Cite this paper: G. Fahmy , Fast Multiplier-less Implementation of Bspline Basis with Enhanced Compression Performance, American Journal of Signal Processing, Vol. 1 No. 1, 2011, pp. 6-11. doi: 10.5923/j.ajsp.20110101.02.

1. Introduction

Bsplines have been long introduced and analyzed by[1], due to their merits of being flexible and provide a large degree of differentiability and cost/quality trade off relationship. By changing the Bspline function order we move from a linear representation to a high order band limited signal form. Bsplines have been utilized by[3,4] and[9] as a powerful image registration, classification and feature extraction tool. However they have not been investigated for image coding and compression applications, due to the fact that they are not fully orthogonal basis. Bspline wavelets are well known of being orthogonal across time shifts, but not across time scale[3]. It’s our belief that this distinctive decomposition feature décorrelates/removes some data redundancy that is not removed by regular orthogonal basis (e.g. DCT or Wavelet basis).
In this paper, we propose to improve the compression performance of several well known wavelet based image coders by preprocessing the image first through Bspline decomposition. This would further reduce the data correlation and would achieve better compression performance as evident by our adopted correlation measure[6] with and without the proposed technique and by the enhanced PSNR/bpp curves. We derive our Eigen analysis theoretic justification for this compression enhancement.
In this paper we also propose a novel implementation technique for the Bspline coefficient calculation. This technique is based on a straight forward calculation approach through a Toeplitz matrix that allows parallel calculations for online applications. Moreover it guarantees that the length of the output signal is exactly equal to the input batch length, to avoid any extra samples overlaps. Input coefficients can be handled simultaneously to calculate a Toeplitz matrix that can calculate the Bspline signal coefficients.
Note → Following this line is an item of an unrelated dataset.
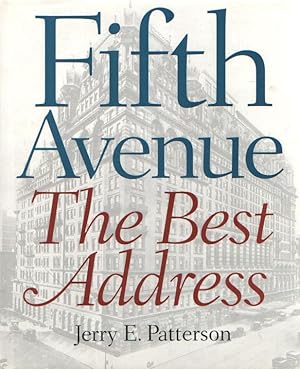 Fifth Avenue the Best Address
The proposed technique can take blocks or vectors of input samples or batches, which make it more suitable for video/image manipulation online applications.
Bsplines are known to be integer coefficients and representations as they are the exact mathematical translators between the discrete and continuous versions of signals. The proposed Toeplitz matrix technique preserves the integer status of the coefficients and allows an exact interpolation process. This Toeplitz matrix also guarantees that the length of the output signal is to be exactly equal to the input batch length in a regular transformation process, to avoid any extra samples overlaps. This makes it more suitable for several image/video applications, where data is partitioned into non overlapping blocks for processing and manipulation.
Section 2 gives some background about the Bspline basis reconstruction. Section 3 shows our straight forward approach of calculation of the Bspline basis along with our Eigen analysis justification for compression enhancement and our adopted correlation measure[6]. Section 4 shows our proposed implementation approach of these Bspline basis. Section 5 shows our extensive simulation results for Eigen analysis comparison of Bsplines with different orders with DCT. It also compares the correlation measure of the data with and without Bspline preprocessing. It also illustrates different PSNR versus bpp curves for the SPIHT image coder with and without the proposed Bspline preprocessing approach. Complexity analysis on a hardware platform (DSK 6713 Digital Signal Processor) for both the proposed technique and traditional implementation[1] are also proposed in section 5. Discussion and conclusions are in sections 6 and 7, respectively. Some of the work in this paper has been previously reported in [12]

2. Background

2.1. Mathematical Background

The mth order Bspline function, satisfies the following basic properties:
1. is of finite support and equals zeros at t0 and tm. Between the knots t = 1,2,..,m-1, it is represented by a polynomials of order (m-1) in t. It satisfies the recurrence relation:
(1)
2. The Fourier transform is given by
(2)
is symmetric about i.e.
(3)
The discrete B-spline is obtained by sampling at its knots t=0,1,..,m. The Lth interpolated discrete Bspline is obtained by sub-sampling the sampling interval into L equal intervals i.e..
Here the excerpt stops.